### Data provided
____

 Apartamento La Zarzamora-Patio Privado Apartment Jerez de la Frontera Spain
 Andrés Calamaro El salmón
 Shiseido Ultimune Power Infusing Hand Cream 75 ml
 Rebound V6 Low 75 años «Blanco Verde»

____

### Work to be completed
The whole listing above should be output again exactly.

### Answer section
 Apartamento La Zarzamora-Patio Privado Apartment Jerez de la Frontera Spain
 Andrés Calamaro El salmón
 Shiseido Ultimune Power Infusing Hand Cream 75 ml
 Rebound V6 Low 75 años «Blanco Verde»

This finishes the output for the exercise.